Optional<Vector<int>> findSquareSequence(int n) {
    /* Validate input. */
    if (n < 0) {
        error("Don't be so negative!");
    }

    /* Build a set of the numbers 1, 2, 3, ..., n. */
    Set<int> options;
    for (int i = 1; i <= n; i++) {
        options += i;
    }
    return findSequenceRec(options, Nothing);
}

We can also just use our traditional soFar parameter approach, which looks like this:

Optional<Vector<int>> findSequenceRec(const Set<int>& unused,
                                      const Vector<int>& soFar);

Optional<Vector<int>> findSquareSequence(int n) {
    /* Validate input. */
    if (n < 0) {
        error("Don't be so negative!");
    }

    /* Build a set of the numbers 1, 2, 3, ..., n. */
    Set<int> options;
    for (int i = 1; i <= n; i++) {
        options += i;
    }
    return findSequenceRec(options, { });
}

Optional<Vector<int>> findSequenceRec(const Set<int>& unused,
                                      const Vector<int>& soFar) {
    /* Base Case: If all numbers are used, we have our sequence! */
    if (unused.isEmpty()) {
        return soFar;
    }

    /* Recursive Case: Some number comes next. Try each of them and see which
     * one we should pick.
     */
    for (int next: unused) {
        /* We can use this if either
         *
         * 1. the sequence is empty, so we're first in line, or
         * 2. the sequence is not empty, but we sum to a perfect square
         *    with the previous term.
         */
        if (soFar.isEmpty() ||
            isPerfectSquare(next + soFar[soFar.size() - 1])) {
            /* See what happens if we extend with this number. */
            auto result = findSequenceRec(unused - next, soFar + next);
            if (result != Nothing) {
                return result;
            }
        }
    }

    /* Tried all options and none of them worked. Oh well! */
    return Nothing;
}

Problem Three: Mmmmm… Pancakes!

Bill Gates is famous for a number of things – for his work at Microsoft, for his wide-scale philanthropy through the Bill and Melinda Gates Foundation, and, oddly enough, for a paper he co-authored about flip-ping pancakes.

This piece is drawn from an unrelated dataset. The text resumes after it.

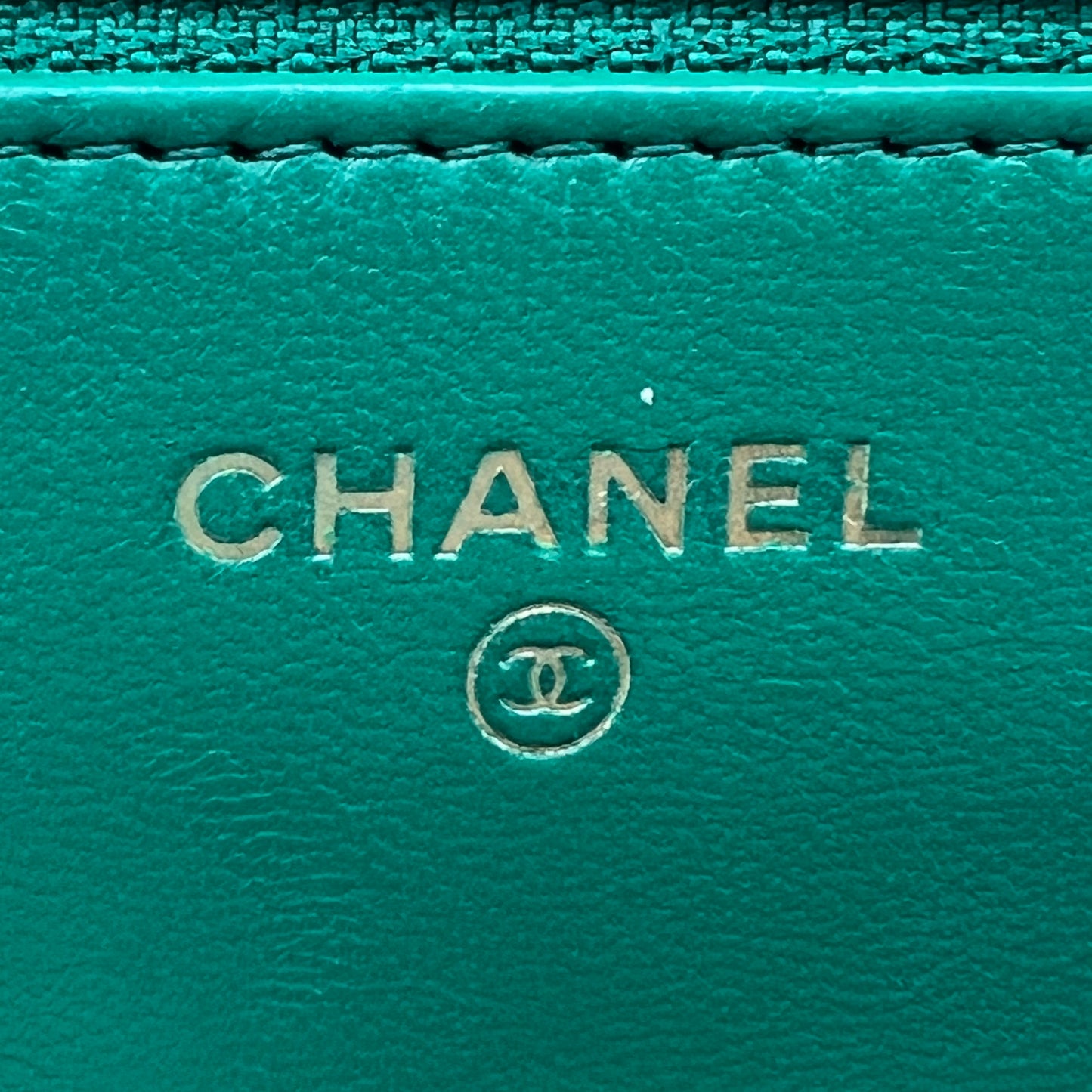 Lambskin Boy Wallet On Chain Forest Green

Imagine you have a stack of pancakes of different diameters. In an ideal pancake stack, the kind of pancake stack you’d see someone photograph and put on Instagram, the pancakes would be stacked in decreasing order of size from bottom to top. That way, all the delicious syrup and melted butter you put on top of the pancakes can drip down onto the rest of the stack. Otherwise, you’ll have a bigger pancake on top of a smaller one, serving as an edible umbrella that shields the lower pancakes from all the deliciousness you’re trying to spread onto them.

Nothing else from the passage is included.